OTTAWA, June 4 (UPI) — A Canadian federal judge in Ottawa Thursday ordered the government to bring a man on a U.N. terror list home from Sudan after six years.
Justice Russel Zinn gave the government 30 days to get Abousfian Abdelrazik, 47, back to his family in Montreal, the Canwest News Service reported.
“The applicant’s right to enter Canada has been breached,” Zinn wrote in his ruling, adding the man was “as much a victim of international terrorism as the innocent persons whose lives have been taken by recent barbaric acts of terrorists.”
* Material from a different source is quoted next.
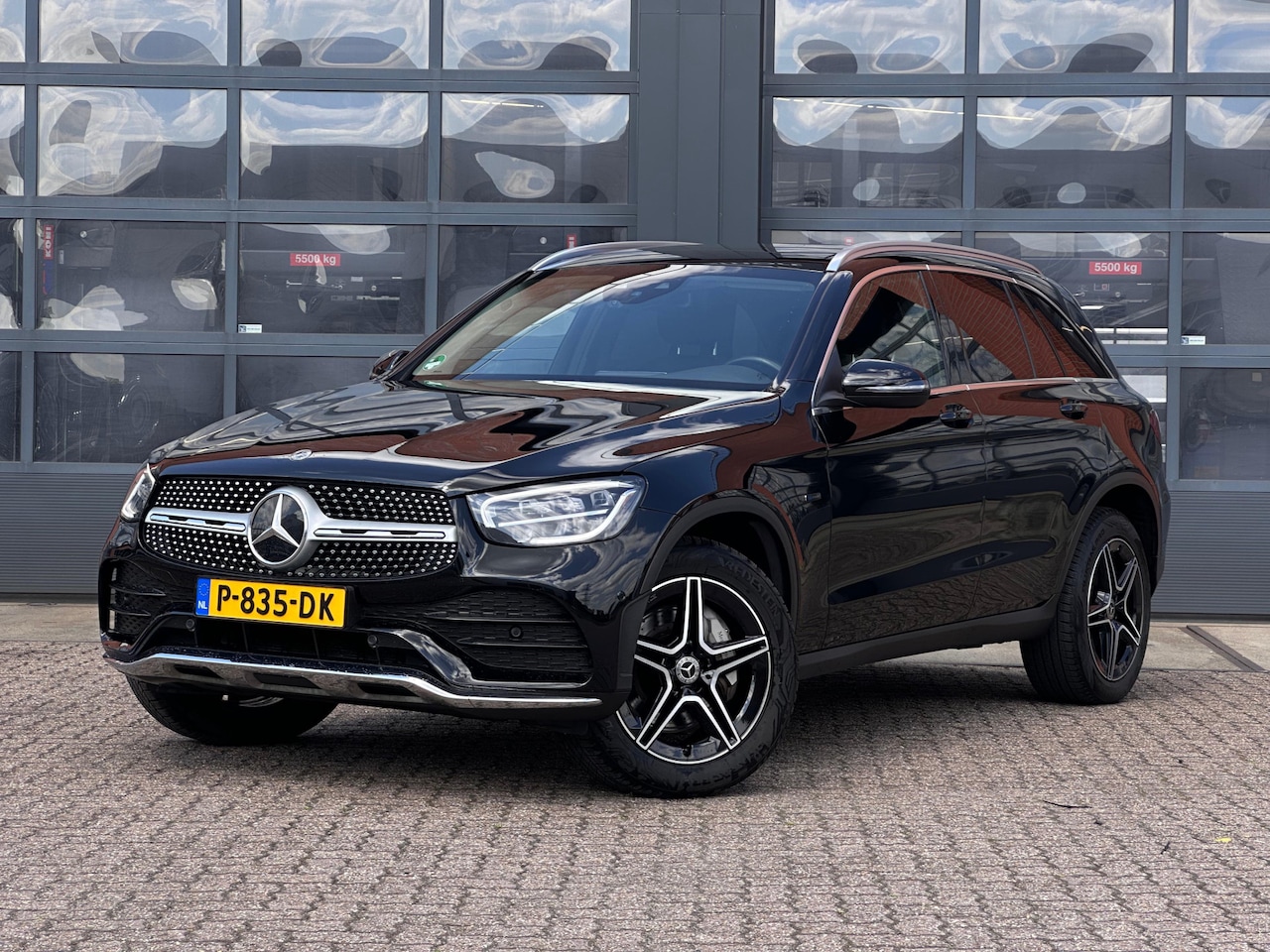 Mercedes-Benz GLC-klasse - 300e AMG Line Panoramadak | Trekhaak | Apple Carplay | 4 Seizoen banden | Stoelverwarming - AutoWereld.nl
Abdelrazik filed the court petition from the Canadian Embassy in Khartoum, where he has been living for more than a year, the Canadian Broadcasting Corp. reported.
He went to Sudan in 2003 to visit his ailing mother. While he was there, his name was added to the U.N. no-fly list as a suspected al-Qaida terrorist, the reports said.
He was arrested by the Sudanese in 2003 and again in 2005, and spent 20 months in prison, Canwest said.
Despite being cleared by the Royal Canadian Mounted Police and Canadian Security Intelligence Service, the Canadian government refused to allow him back.
Federal officials said the ruling was under review as to whether a Supreme Court appeal would be filed, the CBC said.